> [PROBLEM DESCRIPTION]
The required output is the line with "this 250×188 image." through the final line of the entries, each one exactly as it stands.

### DATA FOR REVIEW

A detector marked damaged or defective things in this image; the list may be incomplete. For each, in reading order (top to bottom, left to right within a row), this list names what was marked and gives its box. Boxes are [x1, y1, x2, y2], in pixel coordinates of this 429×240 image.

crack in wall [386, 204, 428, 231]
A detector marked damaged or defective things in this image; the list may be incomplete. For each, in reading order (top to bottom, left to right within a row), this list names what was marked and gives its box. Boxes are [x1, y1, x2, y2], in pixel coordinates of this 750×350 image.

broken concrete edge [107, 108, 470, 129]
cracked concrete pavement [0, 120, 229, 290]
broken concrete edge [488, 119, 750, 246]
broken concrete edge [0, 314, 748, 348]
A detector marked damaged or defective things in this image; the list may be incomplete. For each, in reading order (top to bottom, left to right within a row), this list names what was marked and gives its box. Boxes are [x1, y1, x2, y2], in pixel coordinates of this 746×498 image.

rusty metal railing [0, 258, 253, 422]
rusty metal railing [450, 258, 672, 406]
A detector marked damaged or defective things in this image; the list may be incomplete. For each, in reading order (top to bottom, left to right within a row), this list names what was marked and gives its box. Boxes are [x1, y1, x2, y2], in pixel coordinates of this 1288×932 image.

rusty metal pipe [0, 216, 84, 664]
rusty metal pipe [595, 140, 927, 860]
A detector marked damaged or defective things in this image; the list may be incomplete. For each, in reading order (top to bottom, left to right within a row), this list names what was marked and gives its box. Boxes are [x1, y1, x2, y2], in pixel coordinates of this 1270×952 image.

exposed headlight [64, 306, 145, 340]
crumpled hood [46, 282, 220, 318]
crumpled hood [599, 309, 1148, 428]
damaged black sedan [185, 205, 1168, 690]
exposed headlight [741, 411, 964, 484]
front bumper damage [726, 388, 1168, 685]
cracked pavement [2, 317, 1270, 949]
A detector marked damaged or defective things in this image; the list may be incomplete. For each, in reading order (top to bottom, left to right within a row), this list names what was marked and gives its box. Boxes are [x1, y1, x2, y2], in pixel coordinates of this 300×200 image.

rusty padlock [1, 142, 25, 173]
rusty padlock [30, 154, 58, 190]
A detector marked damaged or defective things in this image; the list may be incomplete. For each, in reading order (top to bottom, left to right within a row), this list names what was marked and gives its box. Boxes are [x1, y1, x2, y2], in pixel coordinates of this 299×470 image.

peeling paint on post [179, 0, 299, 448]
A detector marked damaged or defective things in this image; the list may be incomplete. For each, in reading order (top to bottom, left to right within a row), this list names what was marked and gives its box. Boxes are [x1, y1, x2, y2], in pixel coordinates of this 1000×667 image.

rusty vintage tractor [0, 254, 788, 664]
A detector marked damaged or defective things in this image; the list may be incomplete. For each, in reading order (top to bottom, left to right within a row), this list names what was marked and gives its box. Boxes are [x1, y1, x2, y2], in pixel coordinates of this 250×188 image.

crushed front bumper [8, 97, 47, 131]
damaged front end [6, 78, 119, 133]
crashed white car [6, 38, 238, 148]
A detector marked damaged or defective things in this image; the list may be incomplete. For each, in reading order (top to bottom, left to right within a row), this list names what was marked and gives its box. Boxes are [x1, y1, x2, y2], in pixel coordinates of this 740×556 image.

######

> [RESPONSE BOX]
A detector marked damaged or defective things in this image; the list may be incomplete. For each, in reading order (top to bottom, left to right within a row), this list names what was marked and gives its box. Boxes are [x1, y1, x2, y2], in pixel coordinates of this 250×188 image.

crushed front bumper [8, 97, 47, 131]
damaged front end [6, 78, 119, 133]
crashed white car [6, 38, 238, 148]
A detector marked damaged or defective things in this image; the list may be incomplete. For each, in reading order (top to bottom, left to right within a row), this list names what was marked and gives its box. Boxes are [x1, y1, x2, y2], in pixel coordinates of this 740×556 image.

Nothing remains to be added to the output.